*** Opening AVAILABLE DATA ***

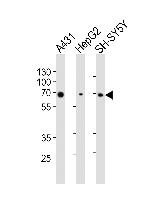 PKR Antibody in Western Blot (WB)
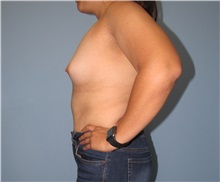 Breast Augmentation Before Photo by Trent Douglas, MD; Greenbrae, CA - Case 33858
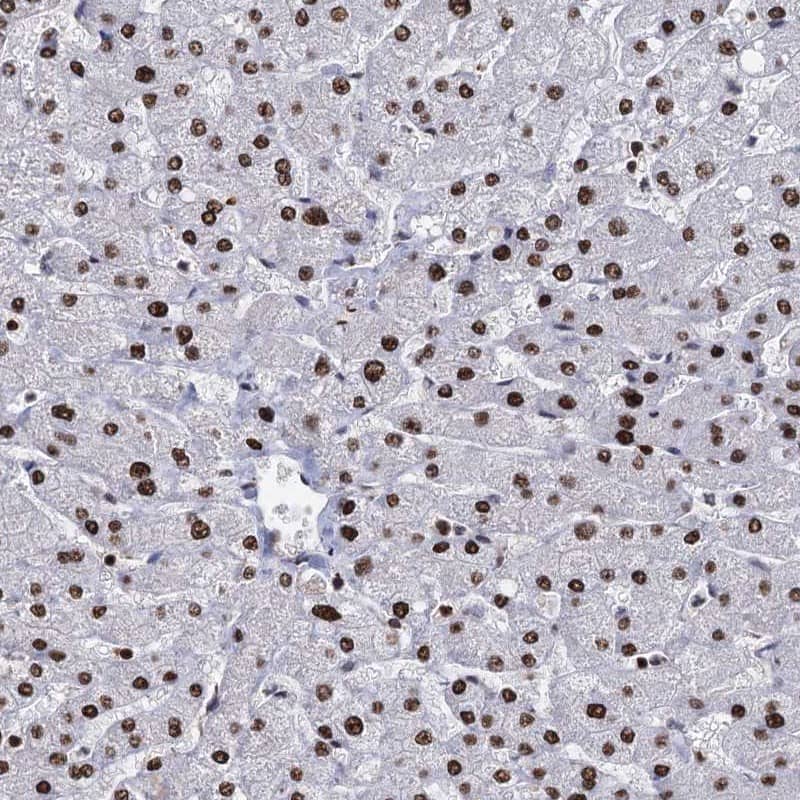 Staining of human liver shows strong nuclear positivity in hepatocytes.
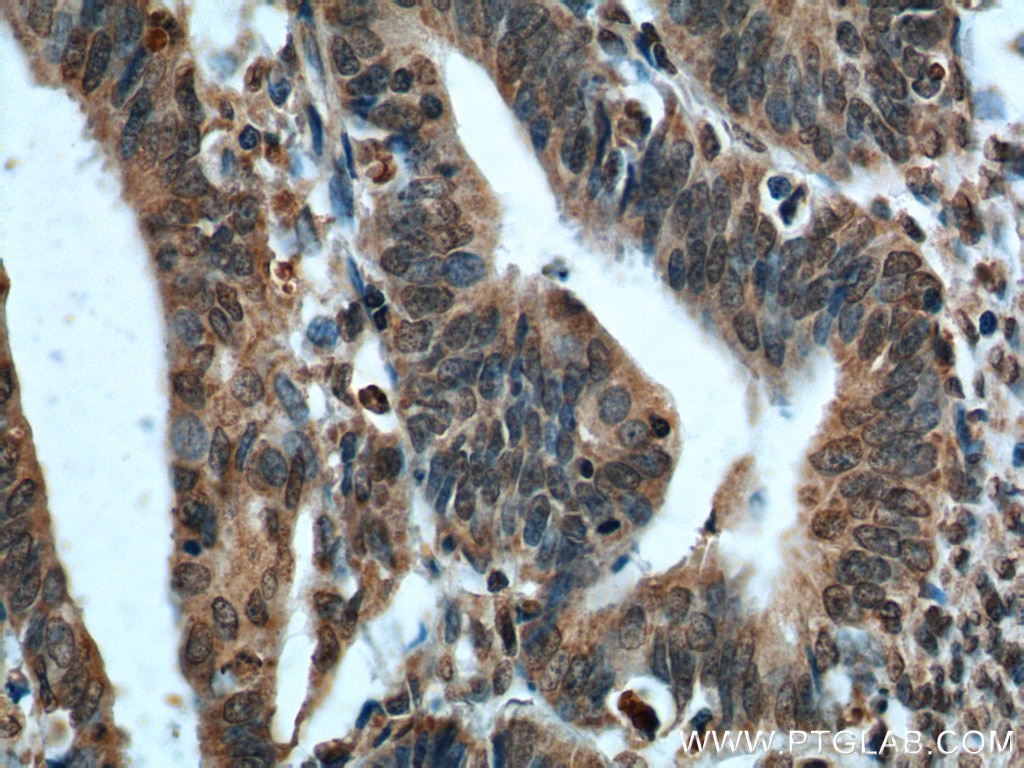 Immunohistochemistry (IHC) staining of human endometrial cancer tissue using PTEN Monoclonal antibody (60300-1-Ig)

*** Closing AVAILABLE DATA ***

• EXERCISE: Your response must consist of the lines from the beginning of the data through the line containing "Staining of human liver", transcribed exactly, with no pictures.

• WRITTEN ANSWER:
 PKR Antibody in Western Blot (WB)
 Breast Augmentation Before Photo by Trent Douglas, MD; Greenbrae, CA - Case 33858
 Staining of human liver shows strong nuclear positivity in hepatocytes.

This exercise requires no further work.